Galtür is a municipality with 766 inhabitants (as of January 1,
2020) in the district of Landeck, Tyrol (Austria). The main line of
business is tourism due to its location in the Alps. Since April 22,
1997, Galtür has been the first official climatic health resort in
all of Tyrol.
The Rhaeto-Romanic, Alemannic and Bavarian-Tyrolean cultures overlap in Galtür. It was settled by the Engadines from the south, the Walsers and Vorarlbergers from the west and by Tyroleans from the east.
The Romanesque settlers who occupied the alpine pastures around the then still marshy valley floor at the confluence of the Vermuntbach and Jambach rivers had - as can be seen from the founding records of Schuls monastery from 1089/96 - interest obligations (cheese interest) towards landlords in the Lower Engadine and in the Vinschgau, which lasted over 700 years. The cultivation work of the Engadines is still remembered today with the name Galtür (Cultura). There was a close connection with the Engadine. For example, mule tracks and cart paths over the Silvretta passes were created at altitudes between 2500 m and 2800 m, which testify to lively trade.
Around 1300 the immigration took place through immigrant Walser from the Montafon, who were welcome by the Rhaeto-Romanic landlords. As late as the 19th century, the Churretian-Graubünden, Walser and Upper Tyrolean influences are said to have been recognizable in the speech and physiognomy of the locals.

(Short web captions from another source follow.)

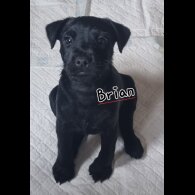 Patterdale Terrier - Both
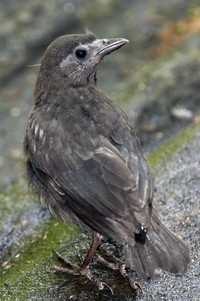 Common Grackle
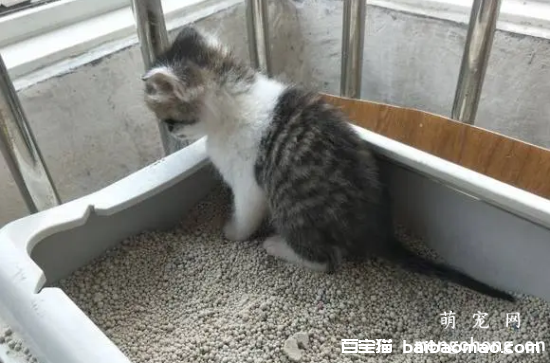 2个月小猫怎么训练大小便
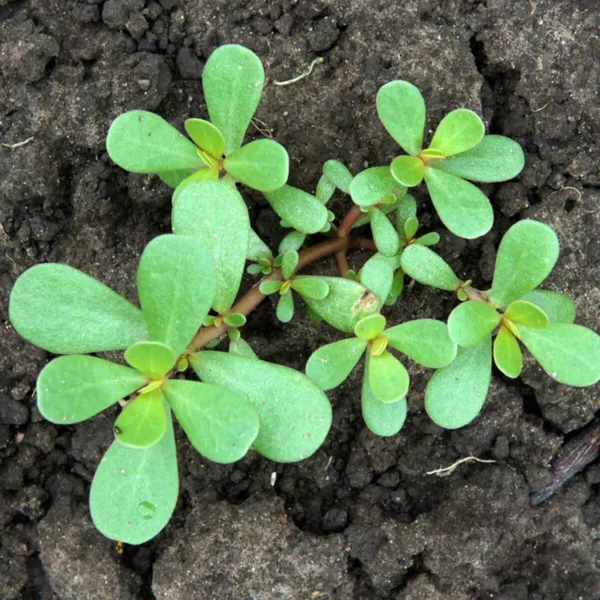 Purslane Common (Portulaca Oleracea) Seeds Organic Fresh Seeds - $15.76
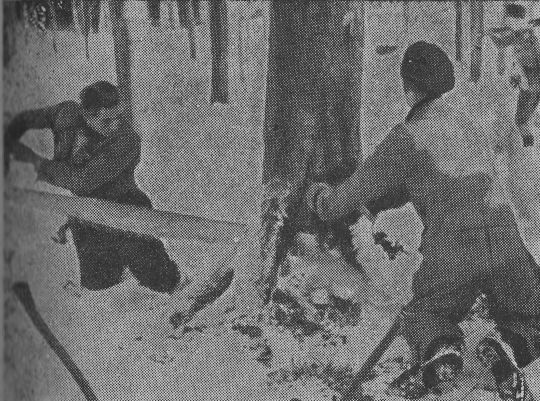 Foto "Abbeilen oder Absägen der Wurzelanläufe"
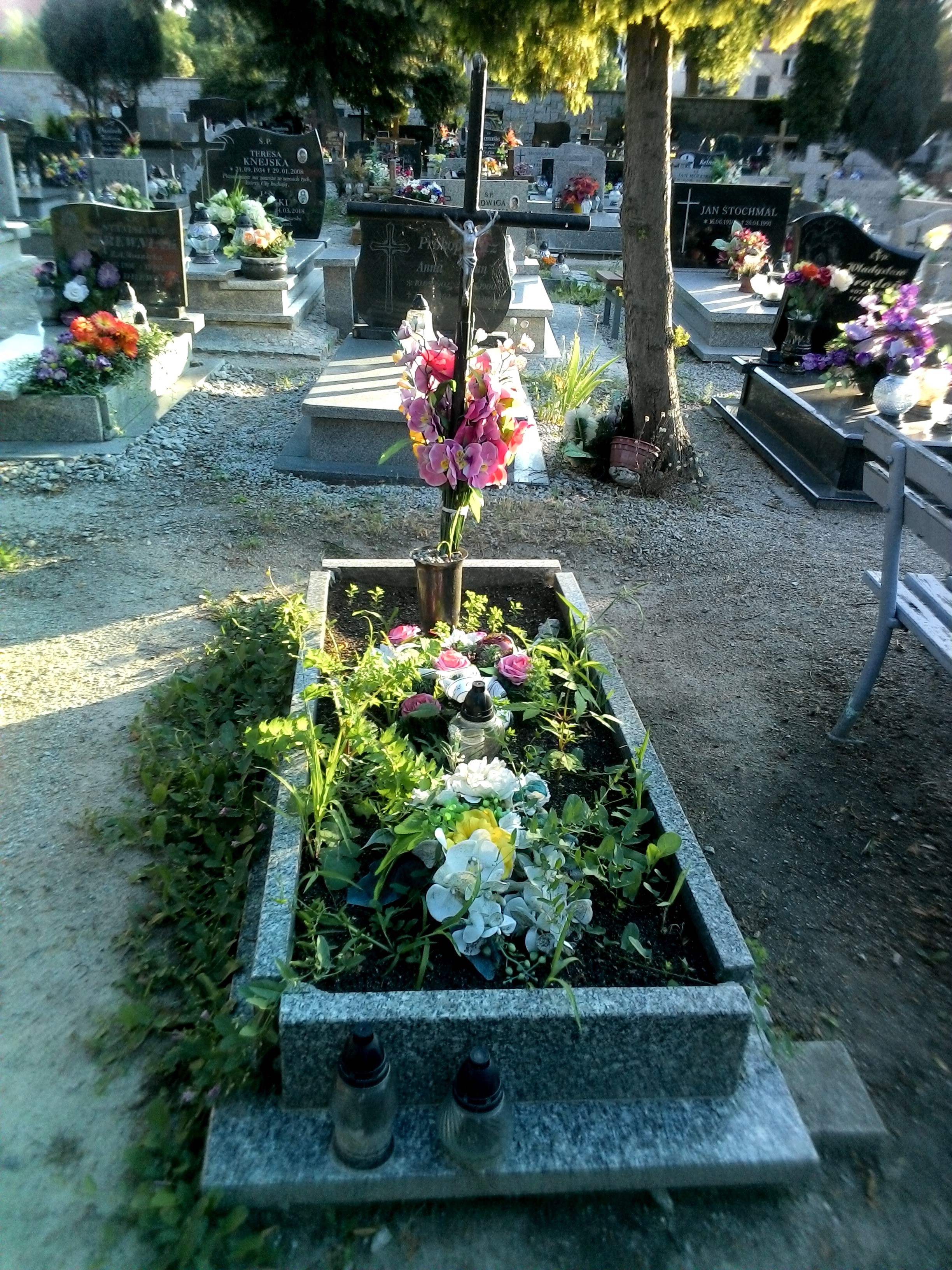 Grób Janina Gralewska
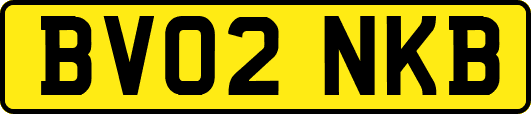 BV02NKB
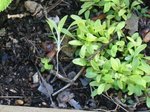 plante 2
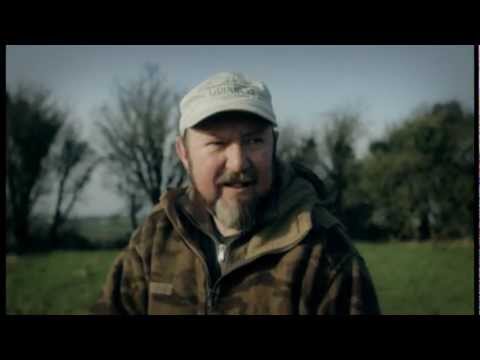 Harry (Archer & Bowyer) Ireland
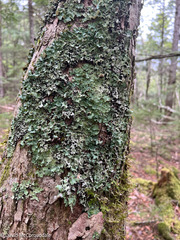 Ricasolia quercizans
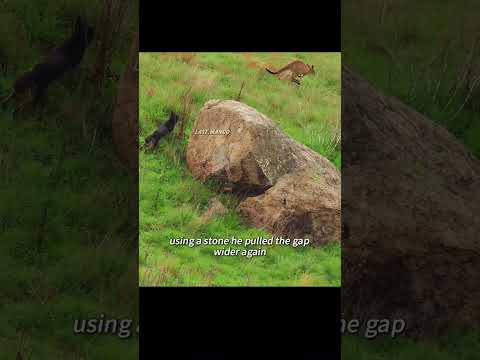 The baby kangaroo is being chased by wild dogs. Will he escape?#animals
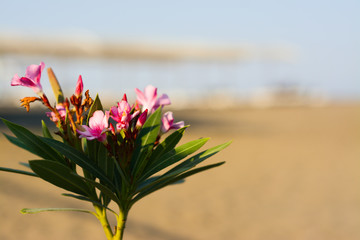 Beautiful young oleander bush on the Mediterranean coast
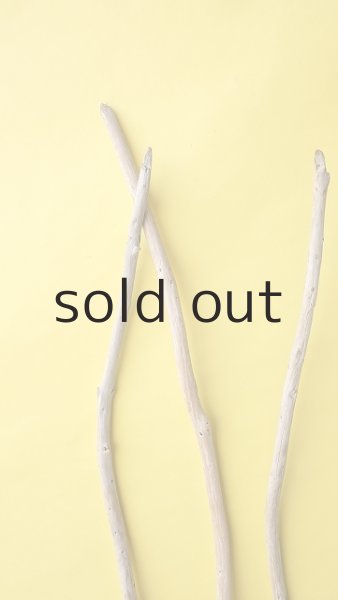 画像4: 棒流木3本セット (4)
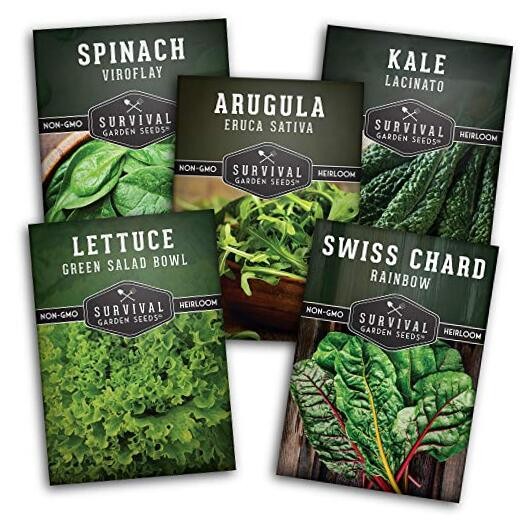 Greens Collection Seed Vault – swiss chard, kale, lettuce, spinach, arugula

Galtür was looted during the Thirty Years' War. The church and many houses went up in flames. The village has not recovered from this damage for a long time and the accrued tax debt was not waived until 1645.
In the 18th
century, “far-sighted” pastors made Galtür a well-known place of
pilgrimage. In the years 1776 to 1778, the church was redesigned
into the baroque building that still exists today with the help of
private donations. A “soul federation” founded in 1722, which still
exists today, made a significant contribution to this.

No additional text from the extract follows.